#### Prompt
Extract precisely the lines of the entries below, from the first line through the line containing "Leiter unter dem".

[Crawled caption data]

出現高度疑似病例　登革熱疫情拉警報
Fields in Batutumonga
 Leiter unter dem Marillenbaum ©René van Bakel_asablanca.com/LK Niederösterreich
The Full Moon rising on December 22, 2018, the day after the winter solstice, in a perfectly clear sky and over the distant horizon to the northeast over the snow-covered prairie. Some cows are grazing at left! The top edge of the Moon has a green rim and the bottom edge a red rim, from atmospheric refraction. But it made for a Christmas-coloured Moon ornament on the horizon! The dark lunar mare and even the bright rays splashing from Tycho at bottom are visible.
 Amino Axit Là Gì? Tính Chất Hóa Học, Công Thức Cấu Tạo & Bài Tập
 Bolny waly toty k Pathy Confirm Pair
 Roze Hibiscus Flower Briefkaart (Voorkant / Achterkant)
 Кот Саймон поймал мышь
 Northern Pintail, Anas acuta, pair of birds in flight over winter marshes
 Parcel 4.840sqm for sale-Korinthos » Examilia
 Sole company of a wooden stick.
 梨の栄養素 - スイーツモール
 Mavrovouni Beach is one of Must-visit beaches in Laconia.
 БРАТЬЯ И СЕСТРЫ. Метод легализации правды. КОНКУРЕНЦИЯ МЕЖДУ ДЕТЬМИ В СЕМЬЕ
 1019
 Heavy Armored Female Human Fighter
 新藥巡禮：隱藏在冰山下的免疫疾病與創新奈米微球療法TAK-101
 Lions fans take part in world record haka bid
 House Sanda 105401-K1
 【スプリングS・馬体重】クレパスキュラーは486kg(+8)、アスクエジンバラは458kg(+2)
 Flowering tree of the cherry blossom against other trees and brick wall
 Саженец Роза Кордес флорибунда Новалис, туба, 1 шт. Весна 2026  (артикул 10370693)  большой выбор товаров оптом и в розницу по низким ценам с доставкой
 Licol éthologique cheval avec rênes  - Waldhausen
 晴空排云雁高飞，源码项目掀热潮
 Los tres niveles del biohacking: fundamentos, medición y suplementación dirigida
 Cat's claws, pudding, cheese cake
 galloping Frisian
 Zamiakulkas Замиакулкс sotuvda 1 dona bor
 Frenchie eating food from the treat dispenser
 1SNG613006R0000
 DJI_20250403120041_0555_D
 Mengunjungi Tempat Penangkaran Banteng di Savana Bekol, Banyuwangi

#### Written solution
出現高度疑似病例　登革熱疫情拉警報
Fields in Batutumonga
 Leiter unter dem Marillenbaum ©René van Bakel_asablanca.com/LK Niederösterreich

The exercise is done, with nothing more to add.